Between his zombie classic 28 Days Later, his unnerving AI drama Ex Machina, his eco-catastrophe epic Annihilation, and his toxic-masculinity nightmare Men, Alex Garland has proven himself the master of modern big-screen sci-fi and horror, all while exhibiting an enduring fascination with extinction-grade individual and social-order disaster. Nonetheless, he’s never plumbed such fears in as timely a fashion as he does with Civil War.

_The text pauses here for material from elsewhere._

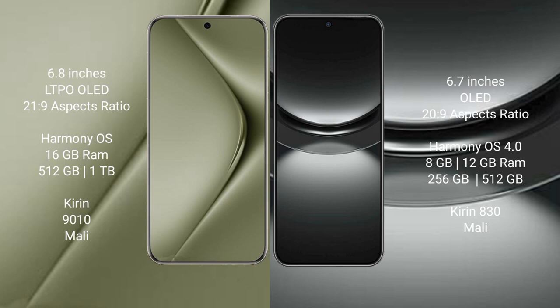The Huawei Pura 70 Ultra comes with 16GB RAM and 512GB or 1TB internal storage, powered by the Kirin 9010 processor and Mali GPU. The Huawei Nova 12 comes with 8GB RAM and 256GB or 512GB internal storage, with a Kirin 830 processor and Mali GPU.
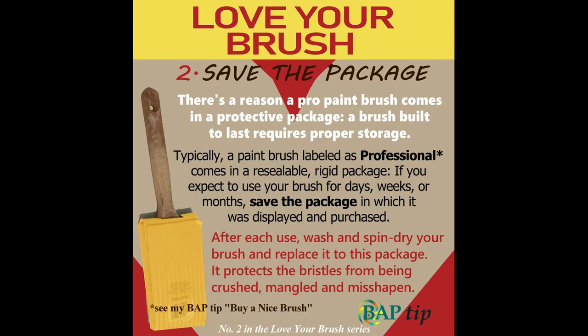When you buy a new brush, save the wrap or package it came in. There's a reason a professional paintbrush comes in a protective package — a brush built to last requires proper storage. Typically, a paintbrush labeled as professional comes in a resealable, rigid package. If you expect to use your brush for days, weeks, or even months, save the package in which it was displayed and purchased. After each use, wash and spin dry your brush and replace it to this package. It protects the bristles from being crushed, mangled, and misshapen.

A near-future vision of America’s devolution into chaos, the English writer/director’s latest (April 12, in theaters) is a trip through a hellscape of ruined cities, fortified suburbs, and ravaged plains, all of them torn asunder by a conflict that Garland only explicates in hazy detail. The point isn’t the precise political machinations that led the United States into disrepair; rather, the focus is on the underlying forces of hatred, tribalism, greed, intolerance, and insanity that have corrupted the nation and its citizens beyond repair, leaving only wreckage in their wake.
Civil War embarks upon its journey through this terrifying wasteland by tagging along with celebrated photojournalist Lee (Kirsten Dunst), her reporter partner Joel (Wagner Moura), wary media vet Sammy (Stephen McKinley Henderson), and aspiring war correspondent Jessie (Cailee Spaeny) as they attempt to reach Washington, D.C., to interview the soon-to-be-deposed president (Nick Offerman). Pitstop after harrowing pitstop, skirmish after bloody skirmish, what they discover is a country rotting from the inside, and what Garland conjures are vistas of ruin and heartache that—like the photos that Lee and Jessie take, and are desperate to believe in as possible agents of change—are designed to terrify and enrage. Eschewing pedantic exposition in favor of formally daring apocalyptic mayhem and madness, it’s a blockbuster that’s both a dirge and a rallying cry, as sorrowful as it is nerve-racking.